Во время разговора Фрэнк поднялся и направился к дальнему из двух окон. Ближнее выходило на террасу, а второе на фасад и подъездную аллею. Из этого окна Фрэнк увидел, как к дому неспешно подкатывает автомобиль. Машина принадлежала мистеру Энтони Леттеру, и за рулем сидел он сам. Пассажирского места не было видно из-за кустов. Но вот машина выехала на открытый участок, и Фрэнк Эбботт издал тихий, продолжительный свист. Автомобиль снова скрыла живая изгородь. Фрэнк обернулся, в глазах его зажегся веселый огонек, и он безразличным тоном произнес:
— Леттер ездил в Вестон кого-то встречать, только нам никто не сказал, кого именно. Ну вот, теперь нам это известно.
Старший инспектор недоуменно поднял глаза. Его мыслительный аппарат, который Фрэнк однажды весьма неуважительно сравнил с трамваем, резво бежал вперед по рельсам, но был абсолютно не приспособлен к неожиданным разворотам. Лэм был погружен в размышления по поводу морфия в связи с мисс Мерсер и сельской фармацевтикой, и Энтони Леттер, который кого-то там встречал в Вестоне, прервал плавный ход его мыслей. Он сбился.

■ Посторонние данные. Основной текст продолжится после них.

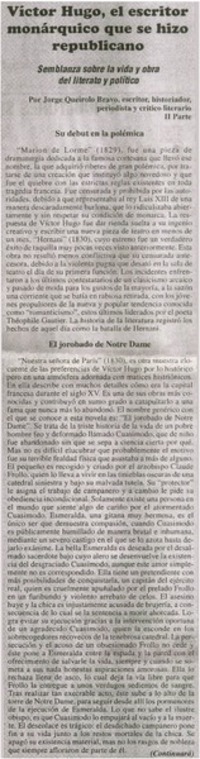 Víctor Hugo, el escritor monárquico que se hizo republicano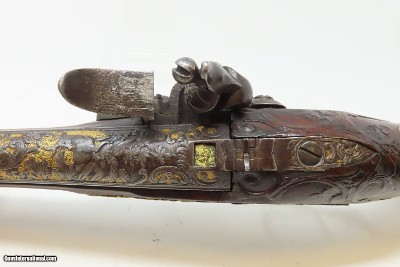 c1760s BAVARIAN JACOB KUCHENREUTER Flintlock Pistol Gold Engraving Carved StockRatisbonne (Regensburg, Germany) - Image 13 of 23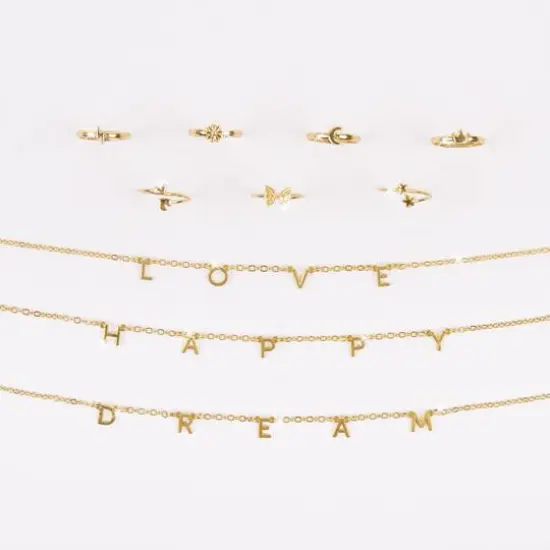 Make It Real&trade; 3C4G Happy Thoughts Necklace & Ring Set {4}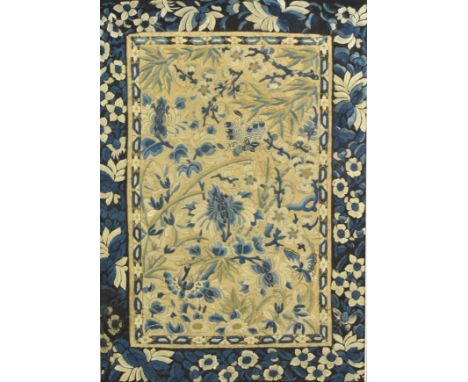 An early 20th century Chinese silk embroidered panel. The embroidery has a beige ground colour depicts a scene of butterfiles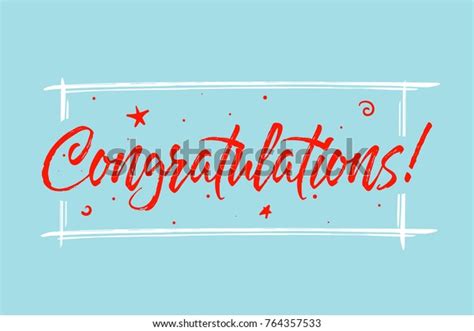 Congrats Congratulations Card Beautiful Greeting Scratched Stock Vector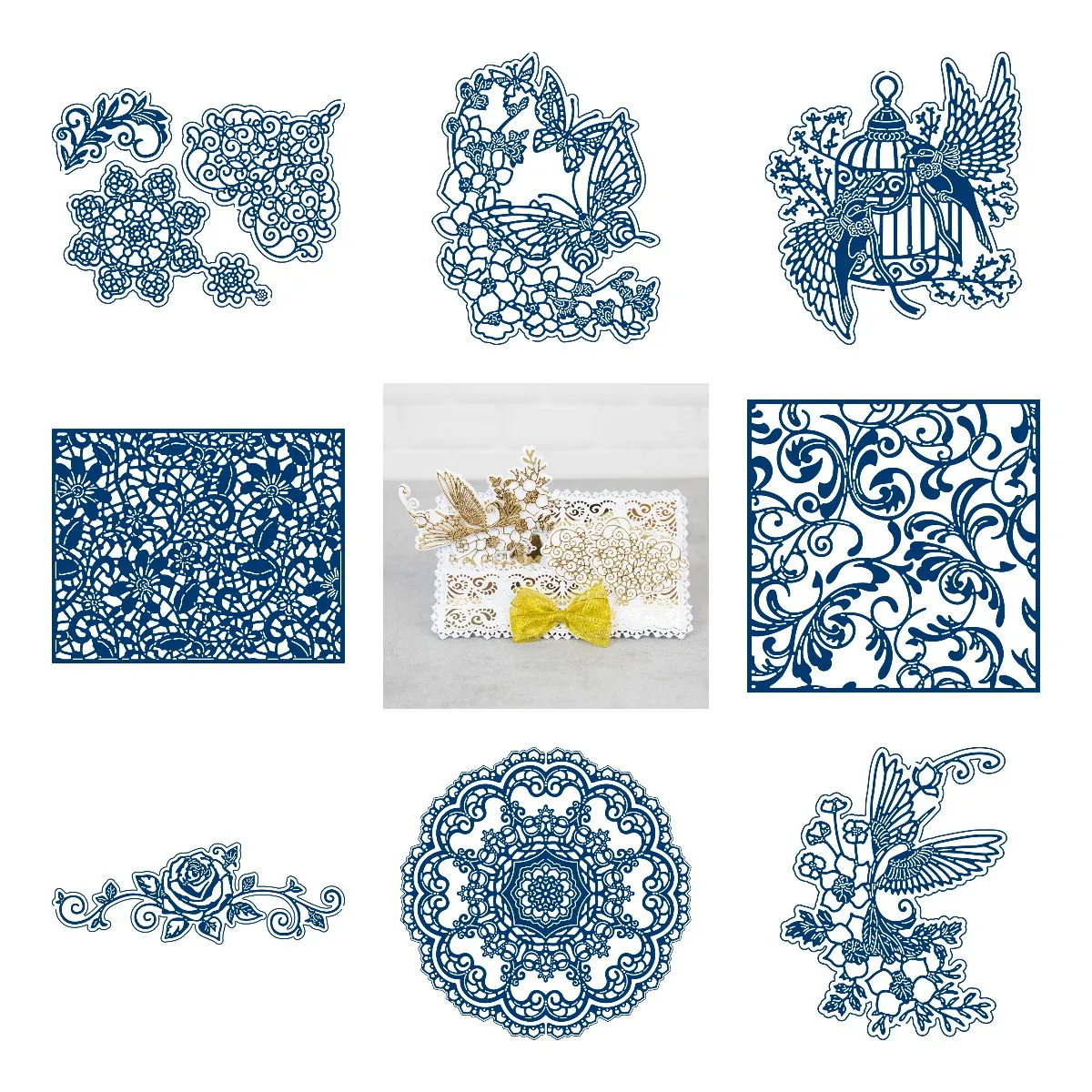

Over The Edge Lace Butterflies Cutting Dies Scrapbook Diary Decoration Embossing Template DIY Greeting Card Handmade 2023 New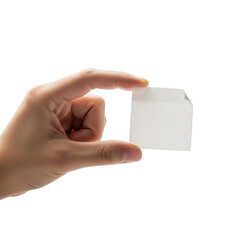 Hand holding paper envelope isolated on transparent background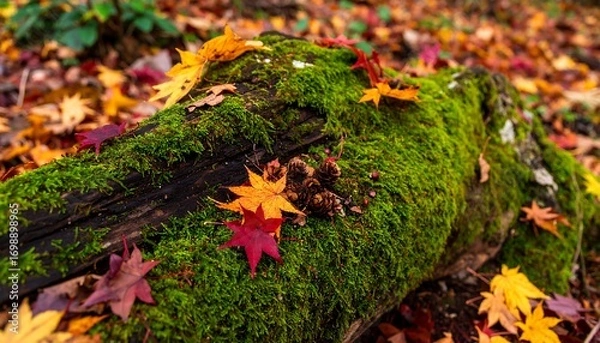 Fototapeta Autumnal log covered in moss and fallen leaves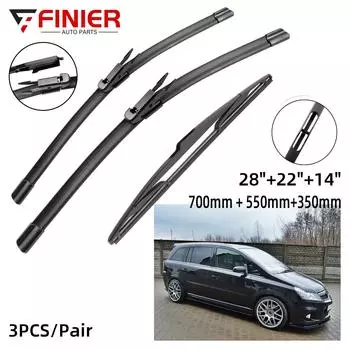 3 шт. щетки стеклоочистителя для Opel Zafira B Mk2 2005-2011 28 22 14 подходят для переднего лобового стекла, щетки для окон, резак, аксессуары 2007 2008 2009 2010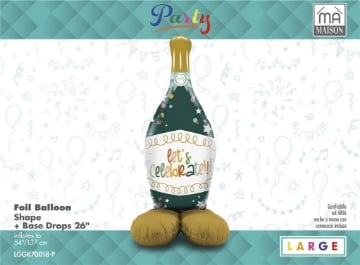 MA MAISON MYLAR PALLONCINO "XL CELEBRATE BOTTLE" + BASE 30X18 CM CANNUCCIA INCLUSA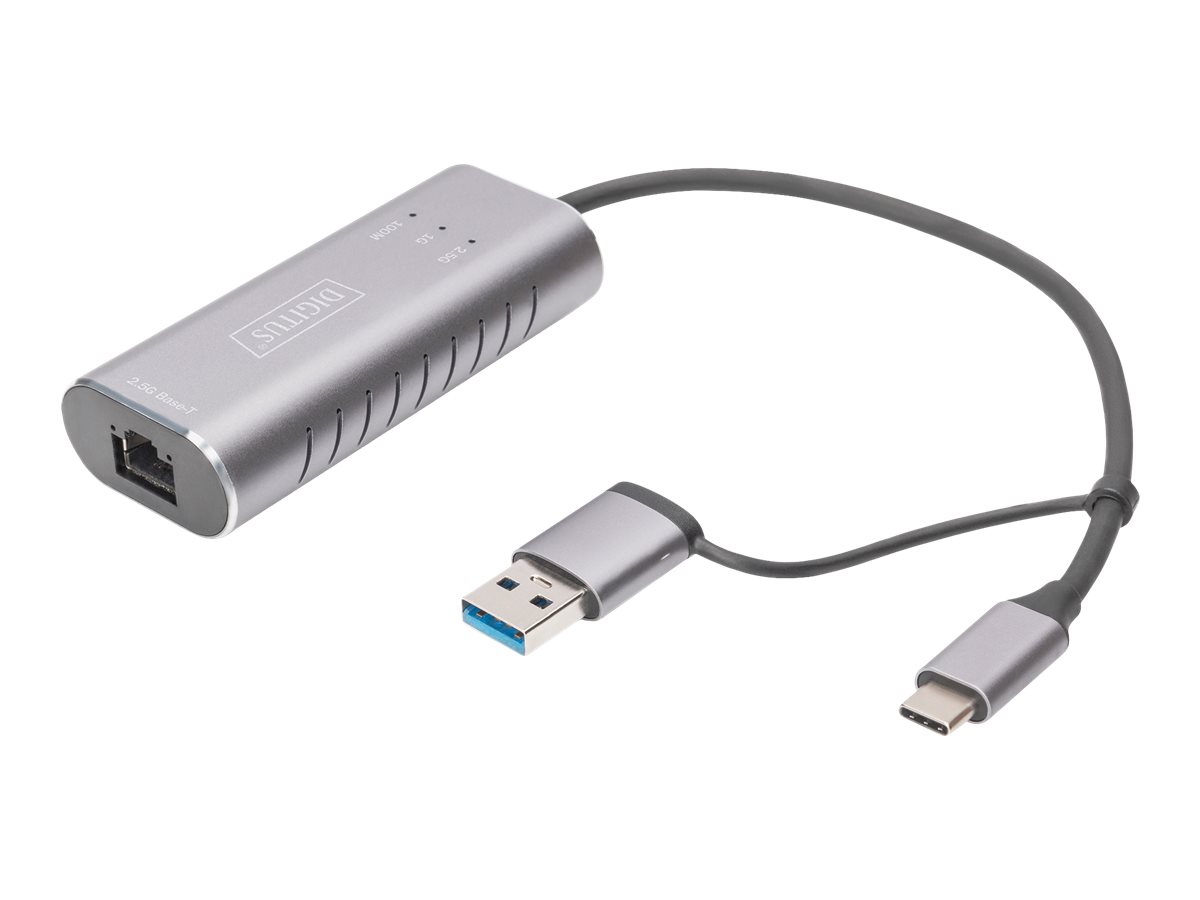 Digitus USB-C™ Gigabit Ethernet Adapter 2.5G, USB-C™ + USB A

Лэм уставился на Фрэнка, досадливо заставил себя переключиться на то, о чем сообщил ему Эбботт, и спросил:
— Что нам известно? Ты это о чем?
— Моди, — лаконично произнес Фрэнк.
Щеки Лэма побагровели, и глазки полезли на лоб.
— Надеюсь, не Мод Силвер?!
— Она самая. Единственная и неповторимая Моди, — отозвался Фрэнк со злорадной улыбкой.